WORKSHOP INSTRUCTORS:

Lubomír Štěpánek, Jiří Novák

Image processing and computer vision as data-science domains can utilize tons of data since image data are one of the richest data types. Performing an image data analysis means a great possibility to employ smart algorithms such as deep learning, but it also requires a handy toolbox and sufficient computing power. Although R is sometimes not considered as a number-one language for image processing, there are options on how to effectively handle these tasks in the R environment. Furthermore, there is a large R speaking community that would like to combine image data analysis with other kinds of analyses, and they would welcome an option to keep all their code “under one roof” within R. In this workshop, using a hands-on approach, we will firstly revisit currently available packages such as magick, imager, EBImage (and some others), and their functionalities, which deal mainly with image processing and are written purely in R (and for R). A couple of time will be dedicated to amazing Bnosac’s family of R packages enabling computer vision and some other algorithmic tasks, e. g. objects or face detection and recognition. Finally, we would like to go a bit deeper into state-of-the-art possibilities and the bridging of the R environment to non-R-based libraries using API packages. For instance, a connection between R and C++ library dlib using R dlib package or using openCV library via ROpenCVLite R package.

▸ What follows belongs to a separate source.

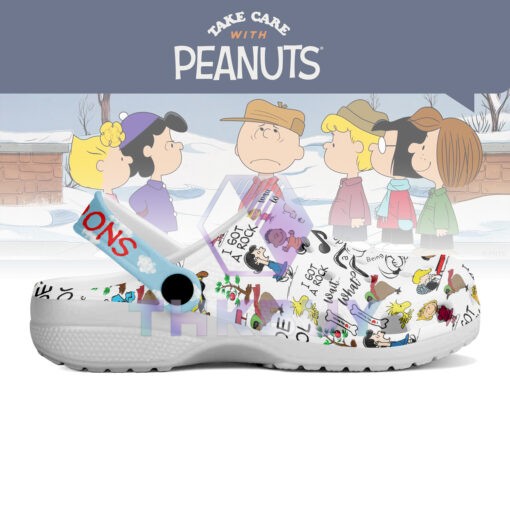 Snoopy Crocs Gift For Men Women and Kids - Image 3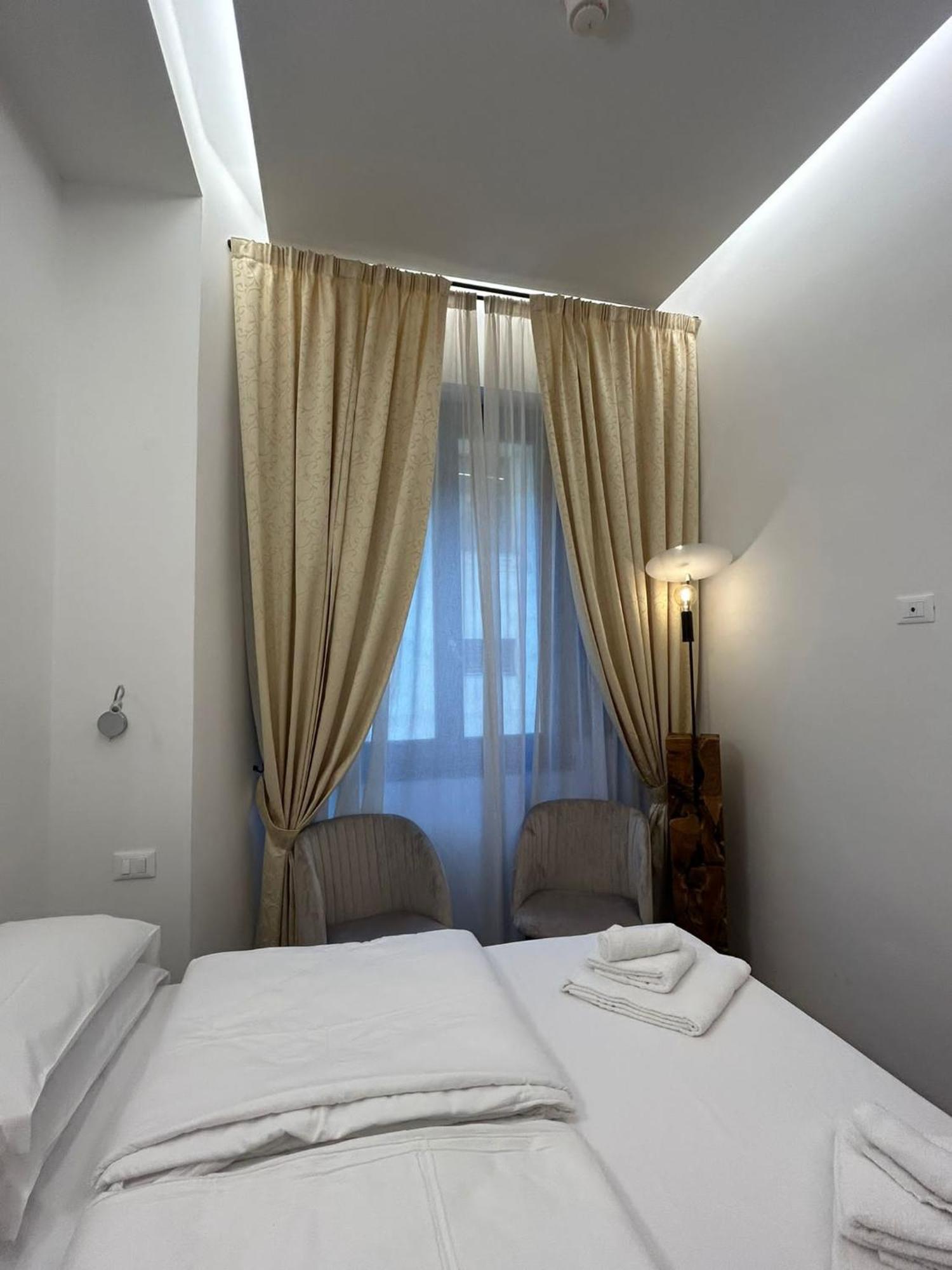 Superior Suite mit Kingsize-Bett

Advanced User Interfaces for Shiny Developers

WORKSHOP INSTRUCTORS:

David Granjon, Mustapha Larbaoui, Flavio Lombardo, Douglas Robinson

In the past two years, there were various Shiny focused workshops introducing basic as well as advanced topics such as modules and Javascript/R interactions. However, handling advanced user interfaces was never an emphasis. Clients often desire custom designs, yet this generally exceeds core features of Shiny. We recognized that R App developers lacking a significant background in web development may have found this requirement to be overwhelming. Consequently, the aim of this workshop is to provide participants the necessary knowledge to extend Shiny’s layout, input widgets and include the new components in a novel modular framework. The workshop is organized into four parts. We first dive into the {htmltools} package, providing functions to create and manipulate shiny tags as well as manage dependencies. We then go through the basics of JavaScript, especially jQuery. Part 3 homes in on the development of a new template on top of Shiny by demonstrating examples from the {bs4Dash} and {shinyMobile} packages. Finally, we integrate these new components into shiny modules, designed with an object-oriented-based package, namely {tidymodules}. This novel approach allows the development of Shiny apps using R6 classes, thereby significantly reducing the burden of modular communication faced by classic shiny modules and their namespace management.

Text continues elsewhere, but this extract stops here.